既存の福祉施設とは一線を画すデザイン
茨城県水戸市にカフェのような斬新なデザインの「山水苑デイサービス千波」が完成しました。茨城県で高齢者向け施設を複数経営する社会福祉法人山水苑のご担当者さまにお話を伺いました。
「デイサービスは今回で3ケ所目です。他の場所でカフェ風デザインのデイサービスを始めたところ、大変好評でしたので、のんびりお茶を飲んで、お風呂に入ってリラックスできる、カフェや日帰り温泉のようなデイサービスを作ろうと考えました」。
デイサービスの利用を勧められる方の中には、「まだ自分には必要ない」と、通うのを嫌がる方もいらっしゃるそうです。“通いたくなる施設”が、運営のカギになります。
「従来の福祉施設とは異なる新しいデザインにすると共に、実用性も追及しました。特に、利用者が長く過ごすデイルームは、なるべく広く開放的な空間にしたいと考えました。ミサワホームの木質パネル工法により、デザイン性の高い設計ができ、柱や梁で遮られることのない大空間を確保することができたので、大変満足しています」。
ローズガーデンや準天然温泉の浴室も魅力
広いデイルームには、カフェスペースがあり、淹れ立てのコーヒーや紅茶がいつでも自由に飲めます。また、可能な限り窓を大きくしたことで、採光性に優れ、窓からローズガーデンがよく見えます。
「ローズガーデンは最後までこだわったものの1つです。市内で参考になるような場所を探しました。ある結婚式場に、自分のイメージと近いものがあり、写真を撮って参考にしました」。
浴室からは、窓の外の坪庭を眺めることができます。
「浴室には麦飯石を利用しており、準天然温泉が楽しめます。冬場、体を洗っているときも寒くないように、天井に熱線ヒーターを完備しています」。
脱衣室には、プライバシーを保つために、電動のブラインドを採用しています。
「電動のブラインドは、ほかの施設にはないもので、現場で働く職員からの提案でした」。
現場の職員の声も反映し、新規の利用者は増加
キッチンの打ち合わせには、調理を担う現場の栄養士も同席し、炊飯器の置き場所や、厨房の水栓の位置まで綿密に決めました。
他にも現場で働く職員の意見を反映し、手すりを追加したり、棚の高さなどを変更しました。既存の施設では、トイレの匂いにお困りだったことから、気になる場所に消臭効果のある壁材「エコカラット」を導入しています。
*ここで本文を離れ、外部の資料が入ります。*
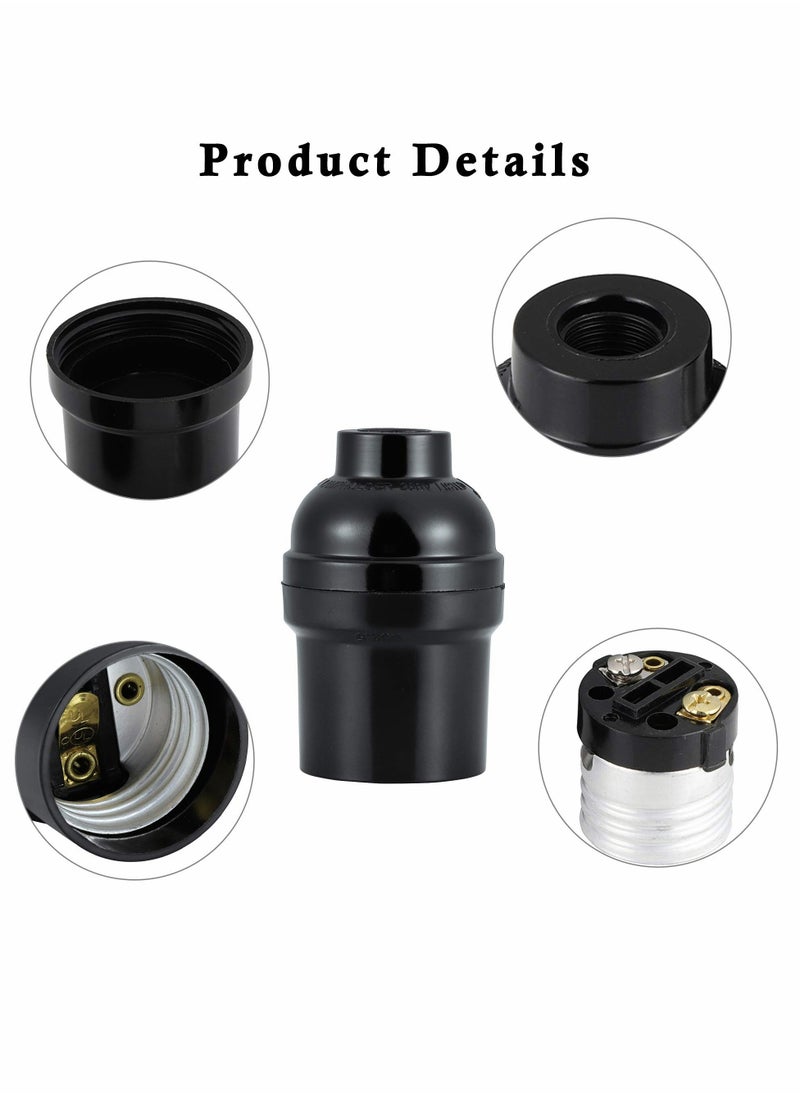 Excefore - E27 E26 Light Socket, Lamp Holder Light Socket, Replacement Lamp Socket, Light Bulb Socket, Retro Pendant Lamp Holder, Medium Screw-in Lamp Socket for Bulb 9PCS - Image 1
さらに注目は、機能訓練の現場で人気を集める「レッドコード」を導入した機能訓練室です。レッドコードは赤い紐のような器具で、ストレッチや筋力増強の効果が期待できます。
取材に訪れたのは、オープンから4ケ月後でしたが、毎月利用者の数が増え、片道30分かけて通う人もいるとのことでした。親しみやすいデザインでありながら、実用性も兼ね備えたことで、地域で人気のデイサービスとなりました。